This is wishful thinking. Filesystems that are not CoW don’t guarantee that. Moreover, some storage devices, such as SSDs without PLP absolutely can destroy old data if new data write is not complete, by design. There is nothing applications or filesystem can do.
Those are catastrophic rare events. It makes no sense to design to tolerate them: nothing is free, and overhead will be experienced by everyone, just to save shitty setups and/or handle once-a-decade os hang.
If I take, say, a MySQL server and mount its data partition in a way that ignores sync() calls, would I lose more data after I pull the plug or the same amount?

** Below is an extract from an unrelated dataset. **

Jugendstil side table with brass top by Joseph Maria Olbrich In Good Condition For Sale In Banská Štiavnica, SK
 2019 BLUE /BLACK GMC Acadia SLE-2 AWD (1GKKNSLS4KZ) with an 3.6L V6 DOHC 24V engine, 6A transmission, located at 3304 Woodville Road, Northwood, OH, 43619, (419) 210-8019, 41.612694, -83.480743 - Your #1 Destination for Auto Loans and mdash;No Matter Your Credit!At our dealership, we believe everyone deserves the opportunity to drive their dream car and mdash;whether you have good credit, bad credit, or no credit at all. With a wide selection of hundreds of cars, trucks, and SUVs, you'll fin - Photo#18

There is a difference between “cannot guarantee” and “less likely”. Sure, something like ext4 may not guarantee it, but data loss would be less likely and with something like zfs the data loss would be even less likely.
To run a Storj node you should not buy new hardware, just use what you have and what you already keep online anyway, but buy a UPS, a server with two power supplies and make sure nobody can pull the plug on it.
The overhead would not be experienced by eeryone if it is an option. Something in between the current way of doing things and mounting the data partition with sync option.
I don’t think this is what elek implied. There’s a saner route—still operate without flushes, just have an automated way of recovering what’s easily possible after a crash. Like, if a node would lose last ten minutes of uploads, nobody will cry, this is <1% of a single day, well within operational requirements for a storage node.